GMS J Med Educ 2016;33(5):Doc77

doi: 10.3205/zma001076, urn:nbn:de:0183-zma0010761

Dieses ist die deutsche Version des Artikels.
Die englische Version finden Sie unter: http://www.egms.de/en/journals/zma/2016-33/zma001076.shtml

Eingereicht: 12. Februar 2016
Überarbeitet: 5. August 2016
Angenommen: 12. August 2016
Veröffentlicht: 15. November 2016

© 2016 Brich et al.
Dieser Artikel ist ein Open-Access-Artikel und steht unter den Lizenzbedingungen der Creative Commons Attribution 4.0 License (Namensnennung). Lizenz-Angaben siehe http://creativecommons.org/licenses/by/4.0/.


Zusammenfassung

Hintergrund: Die neurologische Untersuchung gilt als komplex und trägt zum Phänomen der „Neurophobie“ bei. Sie wird traditionell in Kleingruppen durch Assistenzärzte unterrichtet („traditionelles Konzept“), wodurch der Lernerfolg teilweise vom klinischen Ausbildungsstand, der didaktischen Ausbildung und der persönlichen Motivation des Assistenzarztes abhängt. Ziel der Studie war es, die Effekte eines neu entwickelten Konzeptes („Stationen-Konzept“) für die Lehre der neurologischen Untersuchung hinsichtlich eines verbesserten und gleichmäßigeren Transfers von Wissen und praktischen Fertigkeiten zu untersuchen.

Methoden: Ein prospektives, quasi-experimentelles Design wurde angewandt, um das traditionelle Konzept mit dem Stationen-Konzept zu vergleichen. Dabei wurde der Lehrinhalt in acht Teilbereiche (Stationen) unterteilt wurde, wobei ein Assistenzarzt zu jeder Station zugeteilt wurde. Die primären Endpunkte der Studie waren die Unterschiede in der Selbsteinschätzung der Studierenden hinsichtlich des Lernerfolges in unterschiedlichen Bereichen der neurologischen Untersuchung. Sekundäre Analysen bezogen sich auf die Ergebnisse der Evaluationen der Studierenden und der Assistenzärzte.

Ergebnisse: 144 Studierende und 28 Assistenzärzte nahmen am traditionellen Konzept teil (Sommersemester 2012) und 151 Studierende und 28 Assistenzärzte am Stationen-Konzept (Wintersemester 2012/13).

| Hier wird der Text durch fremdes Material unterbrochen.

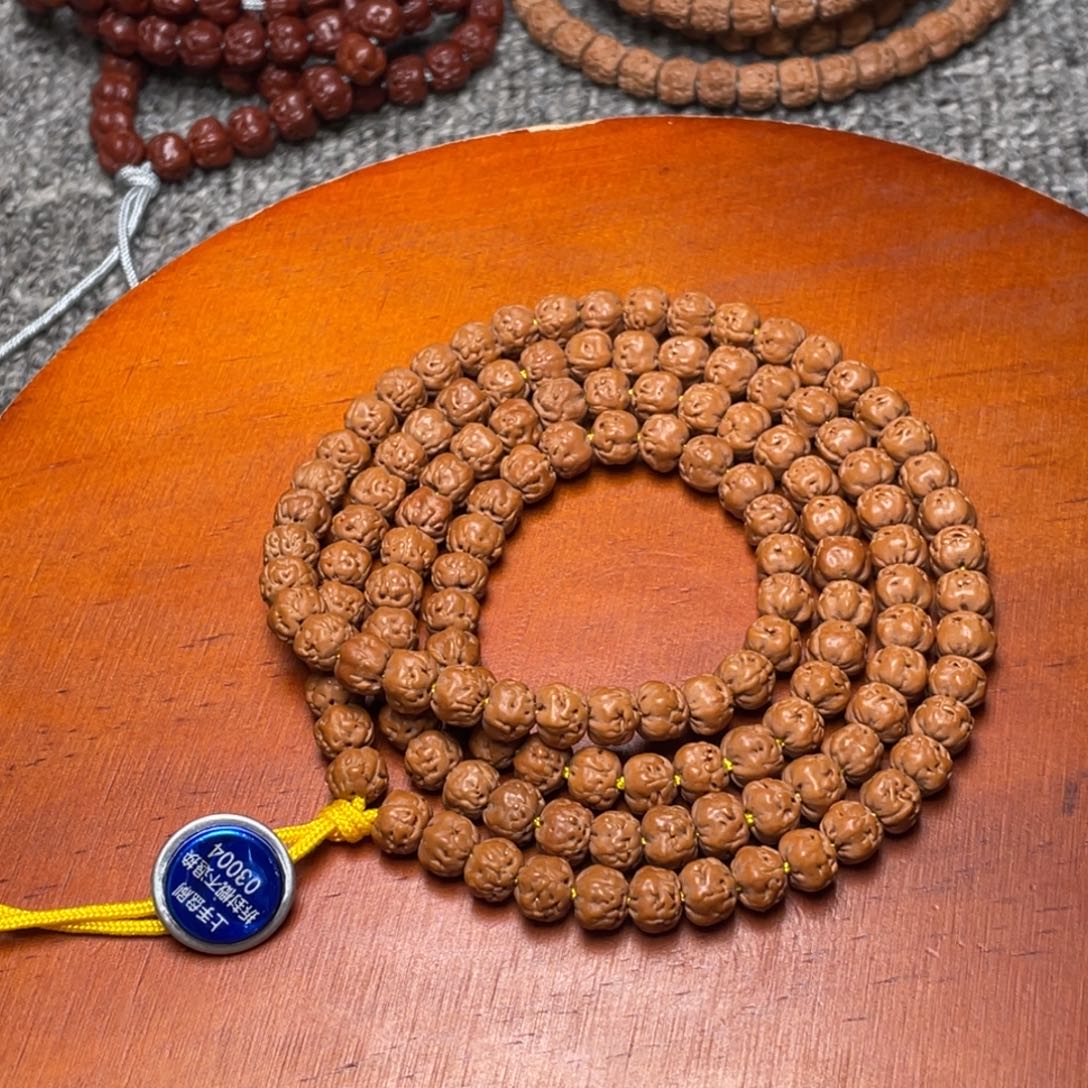 平***人吊坠金刚菩提精挑佛手尺寸7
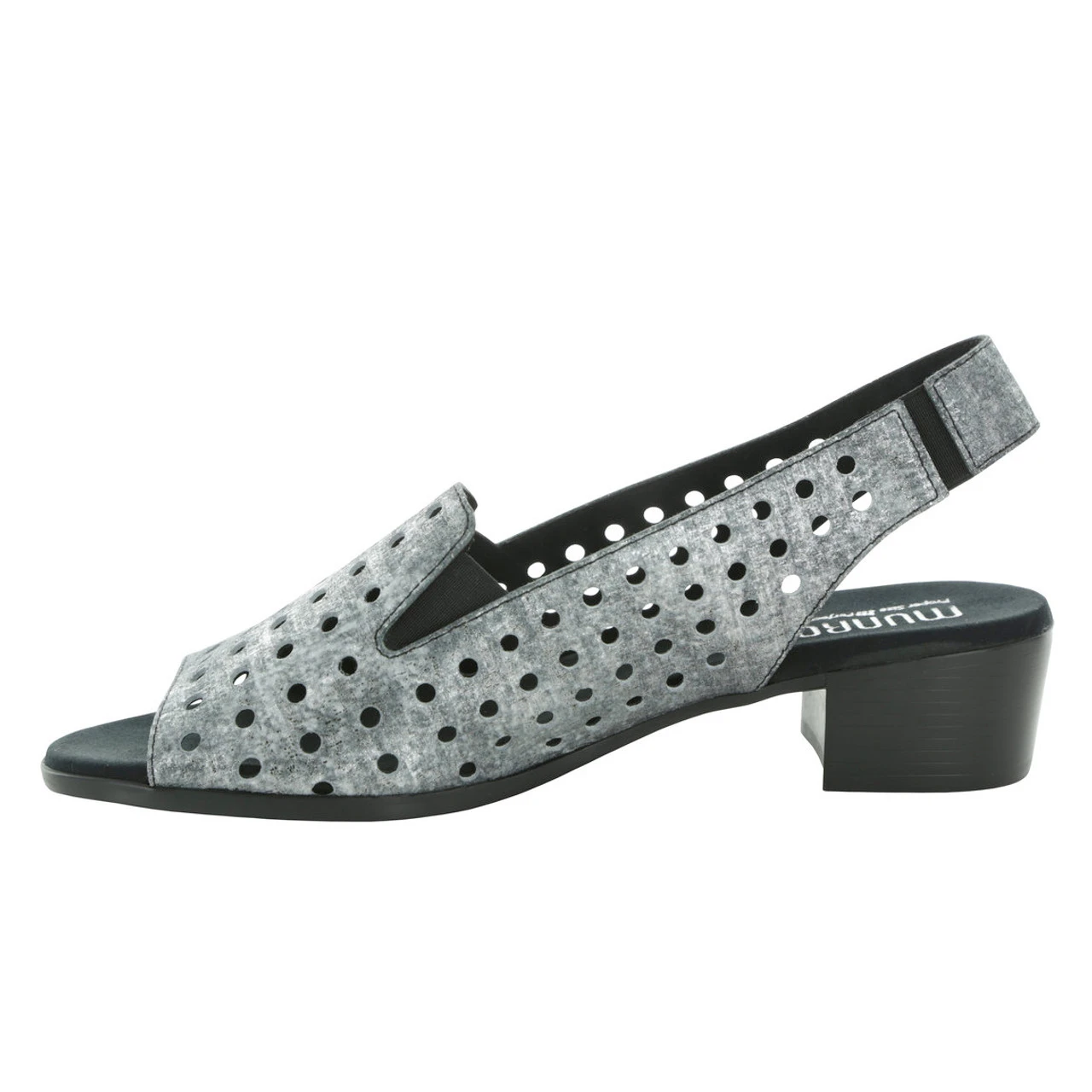 Munro Women's Mickee - Pewter Metallic Leather - Image 2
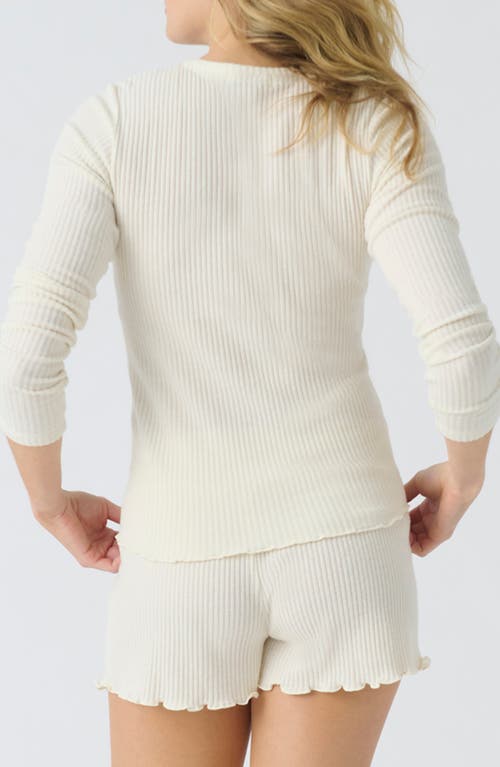 Shop Pj Salvage Reloved Peachy Rib Pajama Top In Natural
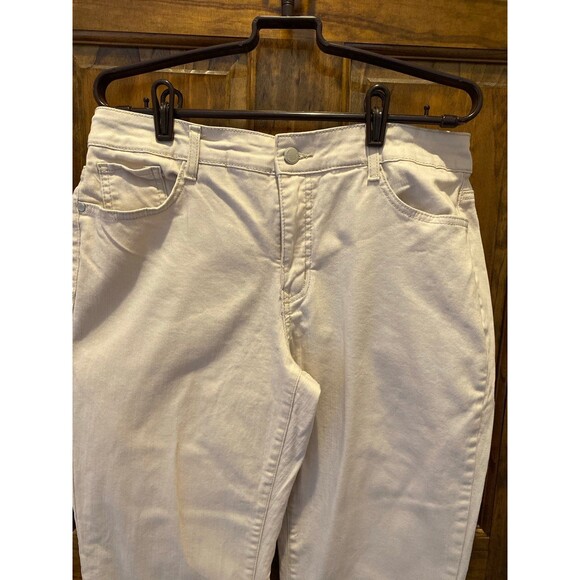Bandolino Jeans Caroline Size 12 Cream Lightweight Pants 98% Cotton 2% Spandex - Picture 3 of 12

Beim Stationen-Konzept verbesserten sich die Selbsteinschätzungen der Studierenden im Vergleich zum traditionellen Konzept signifikant in den Bereichen „Motorisches System“, „Koordination“ und „Mentaler Status“. Die Evaluationen der Studierenden ergaben signifikante Verbesserungen in fünf von acht Punkten. Fünfzig Prozent der Assistenzärzte bewerteten den Stationen-Ansatz besser als den traditionellen Ansatz, zehn Prozent als schlechter.

Schlussfolgerung: Das Stationen-Konzept verbesserte den von den Studierenden selbst eingeschätzten Lernerfolg wie auch die Evaluationsergebnisse bei gleichzeitig hoher Akzeptanz bei den Assistenzärzten.

Schlüsselwörter: Neurologische Untersuchung, Kleingruppenunterricht, Selbsteinschätzung


Einführung

Die neurologische Untersuchung (NU) wird als schwierig und komplex eingeschätzt und trägt zu dem international beschriebenen Phänomen der „Neurophobie“ bei [1], [2], [3], [4], [5], [6]. Gleichwohl ist die korrekte Durchführung und Interpretation der Ergebnisse der NU weiterhin von großer Bedeutung, da die Anamnese und die NU die Basis für die topische Diagnostik in der Neurologie darstellen, welche auch in der Ära der Schnittbildgebung weiterhin wichtig für die klinische Entscheidungsfindung bleibt.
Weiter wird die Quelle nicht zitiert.